I've tried searching online and through these forums, but I was unable to find a solution to my problem. Please forgive me if this is a trivial question!
I have objects called "Pages" where their metadata is stored in a SQL Server and their payload fields are indexed in Lucene. A "Bucket" is essentially a set of pages, or a topic. The class is annotated as follows:
Code:
@GenericGenerator(
name="BigIntGenerator",
strategy="package.BigIntGenerator"
)
@Entity
@Indexed(index="Pages")
@Table(name="Pages")
public class Page implements Cloneable {
public enum PageType {
TRAINING, CRAWLED, TRUE_POSITIVE, FALSE_POSITIVE, NO_CONTENT;
public String getName() { return name(); }
public String getLower() { return name().toLowerCase(); }
}
@Id @GeneratedValue(strategy=GenerationType.AUTO, generator="BigIntGenerator")

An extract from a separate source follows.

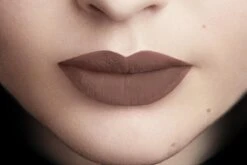 L'Oréal Paris Rouge Signature Lippenstift - 117 I Stand - Nude - Matte Vloeibare Lipstick 18 L'Oréal Paris Rouge Signature Lippenstift - 117 I Stand - Nude - Matte Vloeibare Lipstick -Beste Lip Winkel 1200x800 21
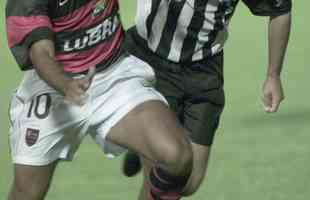 2004 - Na segunda fase, o Tupi enfrentou o Flamengo e foi eliminado. Derrotas por 3 a 2, em casa, e 4 a 0, fora de casa.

@Column(name="PageID", nullable=false)
private BigInteger id;
@Column(name="PageType", nullable=false)
@Enumerated(EnumType.ORDINAL)
@Field(index=Index.UN_TOKENIZED, store=Store.YES)
private PageType type = PageType.TRAINING;
@Column(name="URL")
@Field(index=Index.UN_TOKENIZED, store=Store.YES)
private String url;
@Column(name="FetchTime")
@Temporal(TemporalType.TIMESTAMP)
private Date fetchTime;
@Column(name="FetchResult")
private Integer fetchResult;
@Column(name="ContentType")
private String contentType;
@Transient
@Field(index=Index.UN_TOKENIZED, store=Store.YES)
@FieldBridge(impl=PrintBridge.class)
private byte[] print;
@Column(name="Confidence")
private float confidence;
@ManyToOne
@JoinColumn(name="Bucket")
@Field(index=Index.UN_TOKENIZED, store=Store.YES)
@FieldBridge(impl=BucketBridge.class)
private Bucket bucket;
@Lob
@Column(name="FeatureVector")
@Fetch(FetchMode.SELECT)
private TLongIntHashMap features;
@Transient
@Field(index=Index.TOKENIZED, store=Store.COMPRESS)
private String text;
@Transient
@Field(index=Index.TOKENIZED, store=Store.YES)
private String title;
@Transient
private String[] out;
....
I have marked the last 3 fields as "@Transient" so that they only exist in the index. My first question is, am I using Hibernate Search in an improper way? Should I be storing everything in SQL Server and marking everything as store=Store.NO? I set it up this way since about 4 million pages won't be storing/indexing plain text, and will only need a feature vector (the field "features") whereas the rest of the pages will need both features and plain text. I didn't want to add more columns to my DB schema when they wouldn't be used by all the pages.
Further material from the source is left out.